Chapter II, July-August 2005. SEIU, the United Food and Commercial Workers, the Teamsters and UNITE HERE boycott the AFL-CIO convention in Chicago. Then, they announce their disaffiliation from the national AFL-CIO. But they all say that they would like their local unions to remain part of the AFL-CIO’s state federations and labor councils. The AFL-CIO dismisses that approach as “pick-and-choose solidarity” and directs its local labor bodies to expel the breakaway unions. The Oregon AFL-CIO sheds 40 percent of its affiliated members within a week after the national convention. The Northwest Oregon Labor Council follows suit, losing close to 25 percent of its members. Similar actions are taken in other states, including Washington. But local leaders in most states take a wait-and-see approach, reluctant to diminish their state federations and labor councils in the face of growing political threats.

Chapter III, September-November 2005. Leaders of the AFL-CIO and national unions on both sides of the split realize that they need state federations and labor councils to wage effective campaigns in high-stakes political contests at the local level. There are key governors’ elections in Virginia and New Jersey, a government spending measure in Colorado, and a ballot initiative in California that threatens to restrict the freedom of unions to engage the political process. Recognizing these threats, AFL-CIO President John Sweeney announces three successive grace periods to allow locals of the breakaway unions to continue to participate in state federations and labor councils. Our campaigns are victorious in all four battleground states. And Sweeney eventually reaches an agreement with the breakaway unions to adopt the local option idea, now called “Solidarity Charters,” through December 2006.

Chapter IV, December 2005. SEIU rejoins the Oregon AFL-CIO. UFCW rejoins the Northwest Oregon Labor Council. Oregon’s union movement, although not completely healed, is back to fighting strength. And the national AFL-CIO goes a step further with the local option approach as a way to rebuild the union movement from the bottom up: It offers special charters not just to the breakaway unions, but to any non-AFL-CIO union that chooses to affiliate with a state federation or labor council.
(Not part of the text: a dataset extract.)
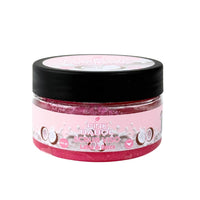 Scrub Viso Esfoliante e Purificante con microgranuli Naturali, Miele e Olio di Sesamo – Pelle Luminosa, Liscia e Rigenerata-Pink Babol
Epilogue. What produced this re-unification of our union movement at the local level?

Certainly, personal solidarity was a critical factor. At labor councils, in particular, union members march under common banners; they picket together; and, they campaign door-to-door and over the phones to talk to each other’s members. These kinds of relationships — and the institutions that sustain them — are not easy to dismantle. Further, at the national level, union leaders recognized that all politics is local — and that our best federations and labor councils do their most effective work in high-stakes electoral campaigns at the local level.

The unraveling that occurred at the national AFL-CIO stopped short of untying the bindings of solidarity forged at the local level. In most state federations and labor councils, the center held. And now it appears that our local institutions may offer new centers of growth for a more inclusive union movement. Re-uniting to win at the local level, it turns out, is as important as changing to win at the national level.